Mais la situation est en ce moment très différente de celle de 1997: elle est même exactement l’inverse. En 1997 les marchés financiers avaient parié sur la baisse de la devise thaïlandaise, mais le cours du bath était alors un taux fixe décidé par les gouvernement.

En 1997, les difficultés de l’économie thaïlandaise étaient considérables: avec un déficit des paiements courants important, le pays était vulnérable aux attaques spéculatives. Tout au long du printemps 1997, les marchés avaient engagé un bras de fer avec la banque centrale thailandaise sur la valeur du baht. Une fois les réserves de change épuisées, les autorités laissèrent le baht flotter librement sur le marché, c’est à dire couler vers le fond, mettant en péril les banques et les institutions financières qui avaient emprunté en devises convertibles croyant que le baht resterait indexé sur le dollar américain.

dollar decline
A terme c’est bien la question de la place du yuan et du dollar dans le système monétaire mondial qui est posé, face aux incertitudes qui minent la position dominante du dollar.
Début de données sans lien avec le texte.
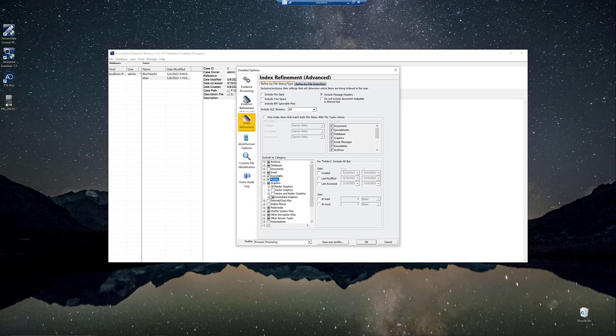And that is the difference between starting the case in the morning, being able to work it, possibly finish it, depending on what you're doing that same day or having to wait a day. So we've made big improvements in the index refinement to make it more efficient and more in line with what our users want. So take advantage of those speed benefits by updating to 7.5.2.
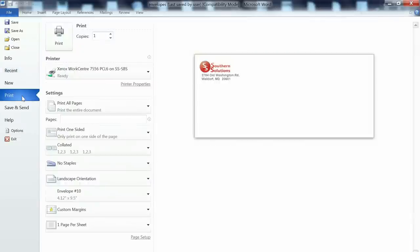There are many frequently used documents that can be stored in our digital filing cabinet, including envelopes, job applications, letterhead, and forms.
Suite au traumatisme qui a suivi la crise de 1997, la Thaïlande s’est rallié au système de taux de change flottant qui laisse le cours de la monnaie évoluer librement en fonction de l’offre et de la demande.

En fait la comparaison intéressante serait plutôt avec 2006: le gouvernement post coup d’État avait alors annoncé une mesure similaire de taxation des placements financiers étrangers, qui avait cette fois provoqué une baisse brutale et  immédiate du baht et surtout de la bourse (SET). Ce qui nous rappelle que le cours d’une monnaie est avant tout une question de confiance: le gouvernement de 2006 donnait l’impression de ne pas maîtriser le sujet et d’improviser au jour le jour.

Au delà de la Thaïlande, la confiance dans une monnaie relève aussi de facteurs géopolitiques et mondiaux: c’est pour cette raison que vous trouverez peu d’obligations ou de fonds libellés en Peso cubains ou en Won de Corée du Nord. Une monnaie est avant tout une sorte de créance sur l’économie du pays dont elle dépend: acheter des bath thaïlandais, c’est surtout croire que la Thaïlande est une économie solide et capable de produire de la croissance pour défendre ses équilibres financiers.

Allez savoir pourquoi, les investisseurs pensent que ce genre de scénario (croissance + emploi + équilibre financier) a plus de chance de se réaliser en Asie qu’en Europe ou aux États Unis. Et visiblement, ce n’est pas une petite taxe de 15% sur leurs gains qui est en mesure de leur faire changer d’avis.

La hausse du baht n’est pas un problème en soi, elle permet même de faire des économies sur les importations, mais elle pourrait le devenir pour un certain nombre de secteurs qui reposent sur les exportations, qui deviennent du coup moins compétitives. Le problème de fond reste donc toujours le même: comment passer d’une économie qui repose sur les exportations, a une croissance plus équilibrée, notamment par la demande intérieure.

Un scénario chinois ?

C’est aussi le problème d’un autre pays. En maintenant son taux de change à un niveau faible, la Chine (le plus gros exportateur de la planète) subventionne ses exportations, entraînant une distorsion significative du commerce mondial. L’excédent chinois est loin d’être l’unique explication du déficit américain des comptes courants, mais la politique monétaire chinoise influence fortement celle d’autres pays.

La vérité est que, selon tous les critères, la devise chinoise est sous-évaluée à la fois par rapport au dollar et à l’euro. La Chine enregistre des excédents commerciaux énormes et croissants tant avec l’Europe que les États-Unis ; et, par-dessus le marché, sa balance des paiements est encore plus excédentaire, puisque à son excédent commercial il faut ajouter un afflux massif d’investissements étrangers directs. C’est un peu ce qui se passe en Thaïlande en ce moment, a une plus petite échelle.

A terme c’est bien la question de la place du yuan et du dollar dans le système monétaire mondial qui est posé, face aux incertitudes qui minent la position dominante du dollar.  On peut penser qu’à moyen terme le déclin relatif du dollar pourra profiter à une plus grande utilisation des monnaies asiatiques.  Même si elle s’en défend, la Chine a tout intérêt à ce que le Yuan serve de monnaie de référence dans la région à la place du dollar.

Après être devenu l’usine du monde, la Chine est tranquillement en train de devenir aussi la banque de la planète… Marx avait bien prévu cette évolution du capitalisme mondiale vers un capitalisme monopolistique de l’État, mais personne ne pensait qu’un pays communiste serait le premier a confirmer ses prédictions.